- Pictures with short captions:
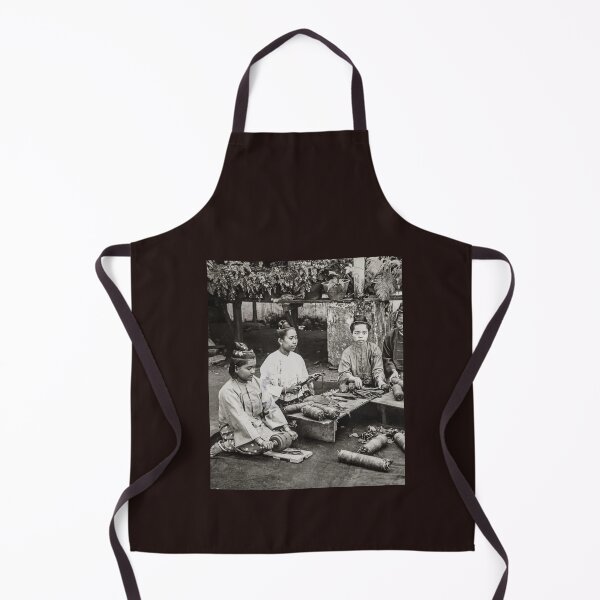 Item preview, Burmese (Myanmar) Cigar Factory 1902 designed and sold by lobodelnoir.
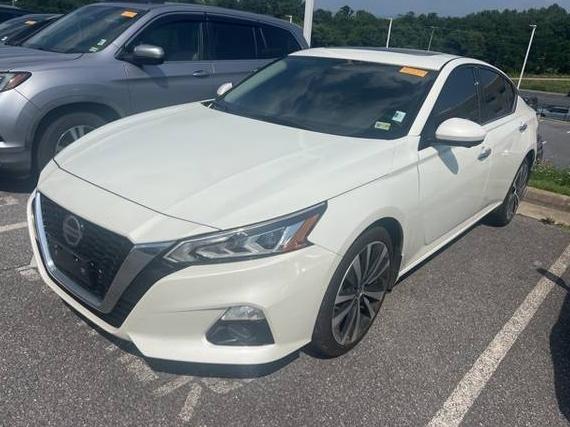 NISSAN ALTIMA 2022 1N4BL4FW0NN398846 image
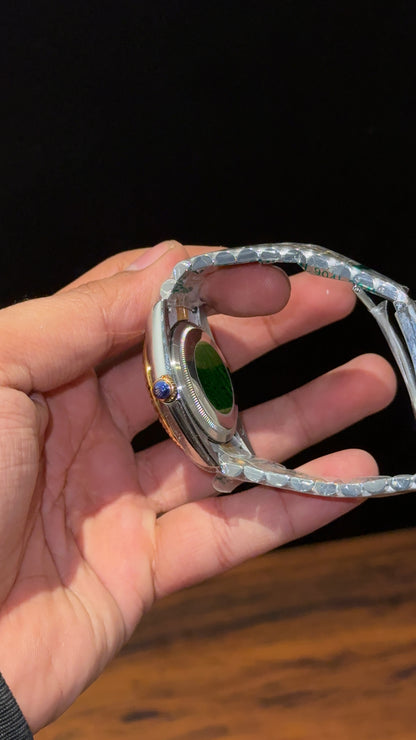 Datejust | 36mm | Gold Two Tone | Gold Index Dial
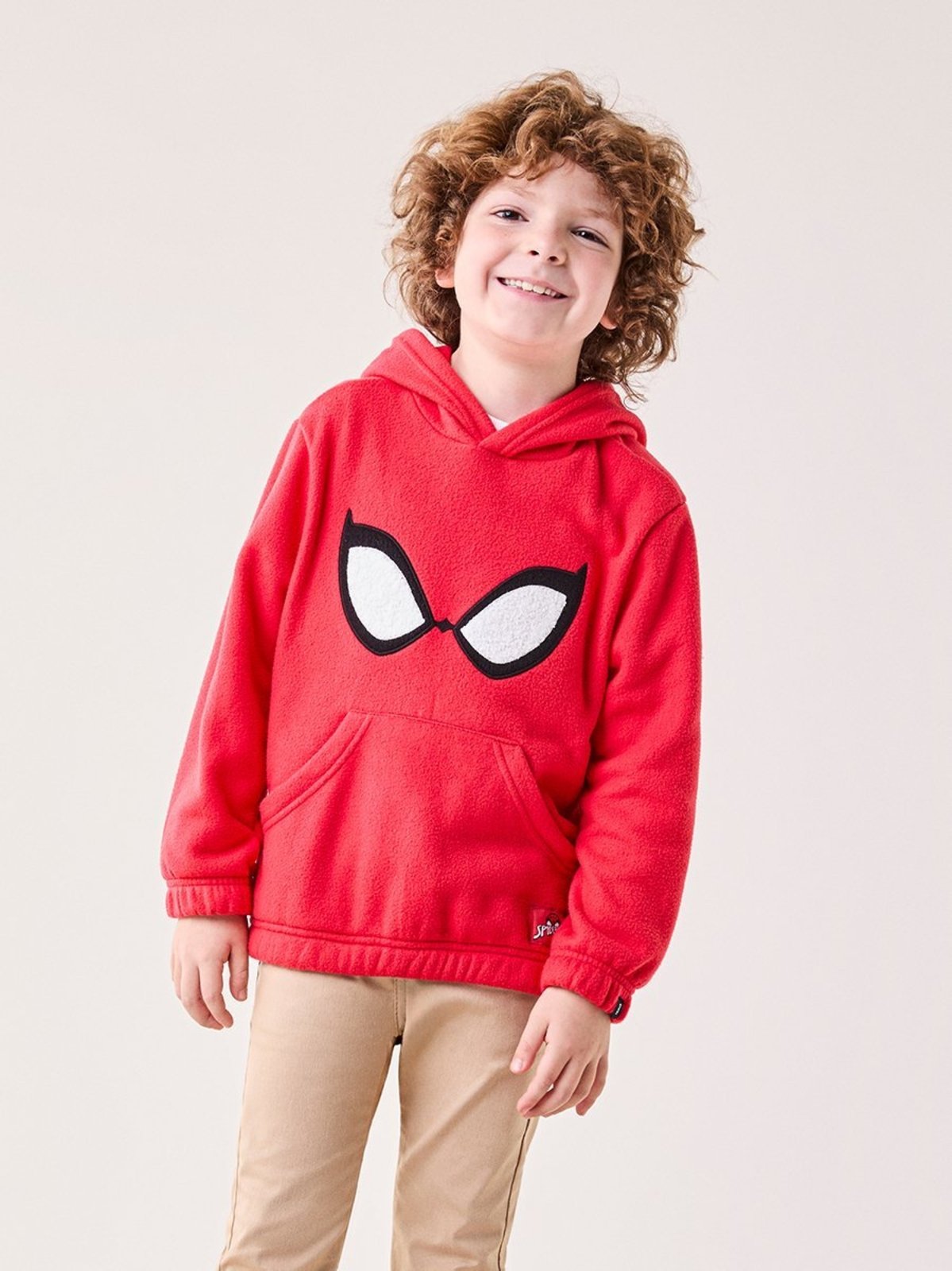 Infantil - Casaco Menino Bimbi do Homem-Aranha com Capuz Marvel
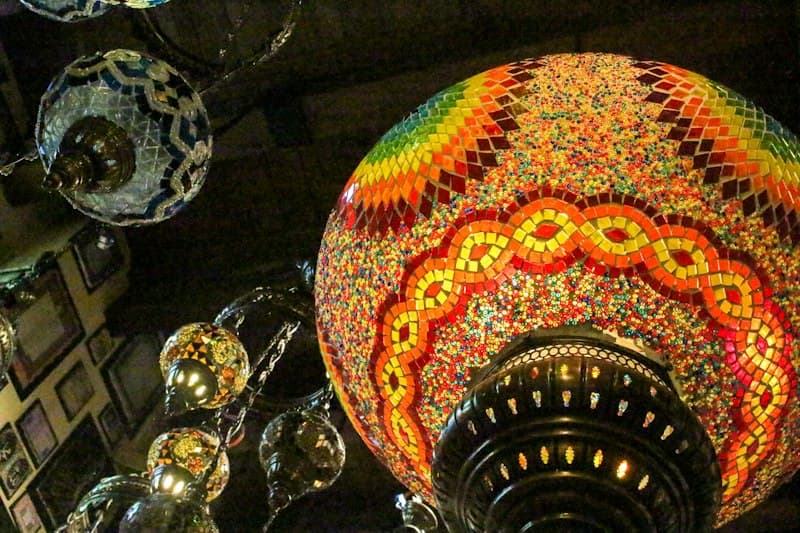 Turkish Mosaic Lamp Workshop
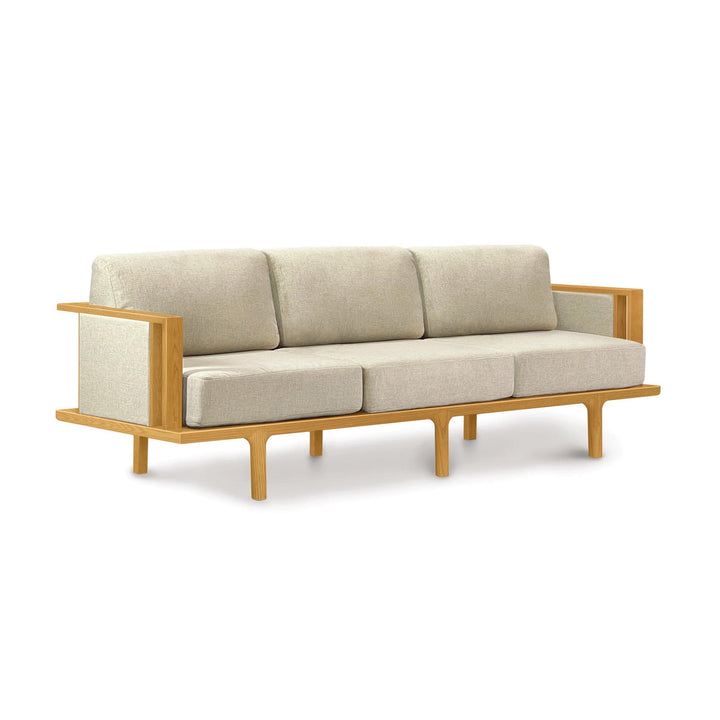 Sierra Sofa with Upholstered Panel by Copeland Furniture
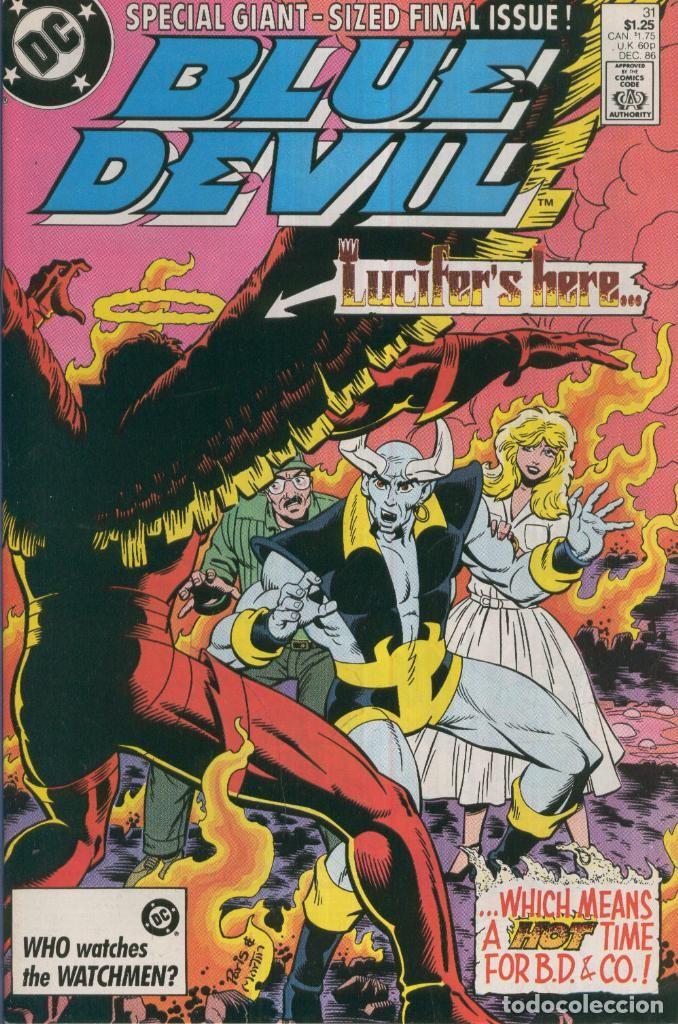 C&oacute;mics: BLUE DEVIL, Vol.1 No.31: Hells Angel - Alan Kupperberg - Foto 1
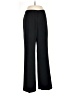 Le Suit 100% Polyester Solid Black Dress Pants Size 8 - photo 1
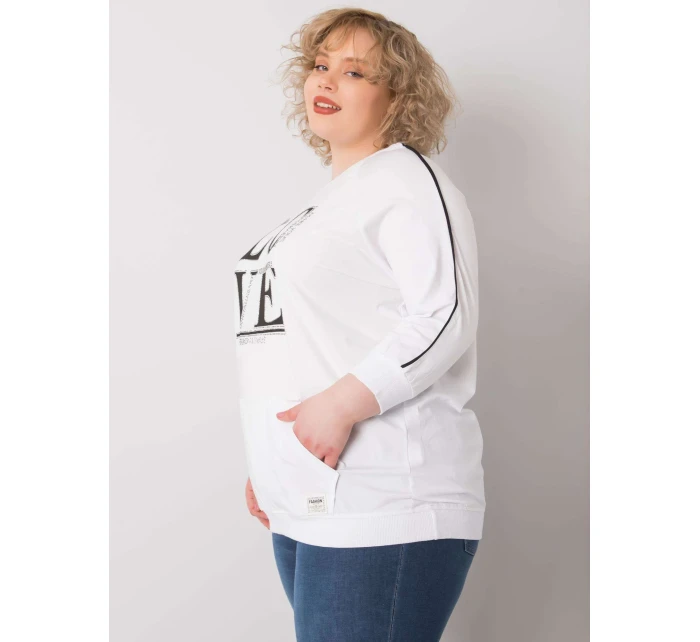Blúzka RV BZ 6457.85 biela Blúzka RV BZ 6457.85 biela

- Task statement:
Write out exactly the stretch of lines that begins with the line containing "Infantil - Casaco" and ends with the last line of the records above, leaving out the pictures.

- Answer to the exercise:
 Infantil - Casaco Menino Bimbi do Homem-Aranha com Capuz Marvel
 Turkish Mosaic Lamp Workshop
 Sierra Sofa with Upholstered Panel by Copeland Furniture
 C&oacute;mics: BLUE DEVIL, Vol.1 No.31: Hells Angel - Alan Kupperberg - Foto 1
 Le Suit 100% Polyester Solid Black Dress Pants Size 8 - photo 1
Blúzka RV BZ 6457.85 biela Blúzka RV BZ 6457.85 biela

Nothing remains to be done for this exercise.